Mining the archive series editor: Russ Grayson.

Design with energy in mind

Permaculture designer, Robyn Francis, looks at a variety of design strategies for using energy responsibly and sustainably.

Robyn Francis

THE PRACTICAL ‘down-to-earth’ farmer, gardener and layperson will often find the theories surrounding ecology and energy very heavy going, if not downright confusing. What I would like to do is offer some practical perspectives on how we can use resources responsibly.
Energy, in an holistic sense, involves much more than electricity and the use of fossil fuels, although these are certainly central to the energy issue. In permaculture design, energy and resource management are virtually synonymous and it is often difficult, if not impossible, to separate the two.
The statistics quoted in this article are for Australia, as they are the facts that are available to me, but the trends and general concepts can be applied to any industrialised society and need to be carefully considered by developing countries in the rapid process of ‘modernisation’.

Domestic Energy Use

The most tangible form of energy, in terms of understanding and immediate action, that most of the people living in homes in Australia use, is electricity. This accounts for 20 percent of the country’s total energy in electricity and fossil fuels, with 8.3 million private motor vehicles consuming almost another 20 percent. So in the household, with electricity and motor vehicle use, there is immense scope to have an impact on 40 percent of the national ‘energy’ picture. These two factors also account for nearly 40 percent of Australia’s total carbon dioxide emissions.
Another aspect close to the heart of every household is the issue of waste. This can be seen as energy lost, a loss that also incurs a lot of energy in both its generation and disposal. Domestic waste makes up 71 percent of Australia’s garbage, over six million tonnes a year.

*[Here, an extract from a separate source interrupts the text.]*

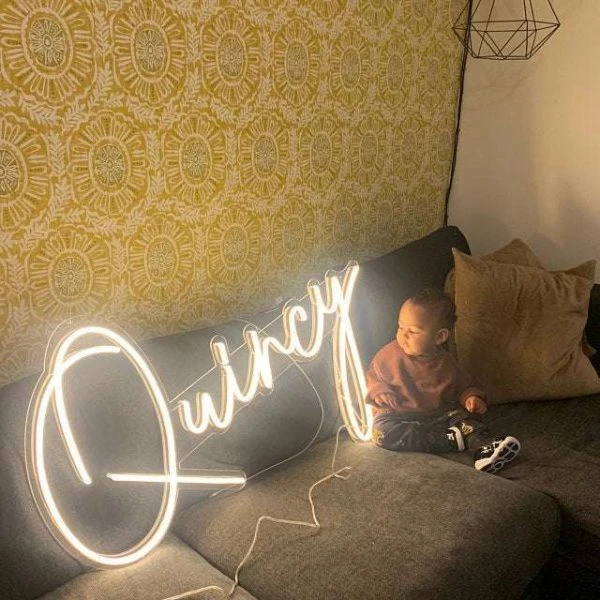 Custom LED neon sign in an interior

This article appeared in edition 45, 1993 of International permaculture Journal.

Recycling is important but not enough — we need to look very carefully at everything we bring home and how much of it will leave. Then add to that the waste of domestic sewage and the valuable nutrients it contains along with grey water from our bathrooms and laundries: this too needs to be counted as energy lost.
It is important to remember that although industry is guilty of consuming even more energy and generating more waste than domestic activities, it is largely our support as consumers using their products, and our consumption of imported goods (resulting in the need to over-produce for export), that helps perpetuate the industrial process.
At this point one could easily diverge into political aspects of the picture, so I think it appropriate to get back to the point of what we can do in a realistic and practical way.
As individuals we can approach energy and resource conservation on three different levels: behaviour, design and technology.
(Janet MacKenzie takes a close look at behaviour in her article in this issue on p 22, so I will deal with only design and technology.)

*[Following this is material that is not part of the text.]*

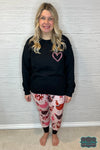 Graphic Sweatshirt Pink Heart - Black Tops &amp; Sweaters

Design strategies — skylight versus electric light

House Design

Appropriate house design creating a comfortable indoor climate can substantially reduce the heating bill in winter and cooling bill in summer. The average Melbourne house uses around 50 percent of its energy on heating. The use of thermal mass, insulation and ventilation, the addition of well-placed pergolas, verandahs and glass houses and the design of surrounding landscape can support and enhance the house microclimate.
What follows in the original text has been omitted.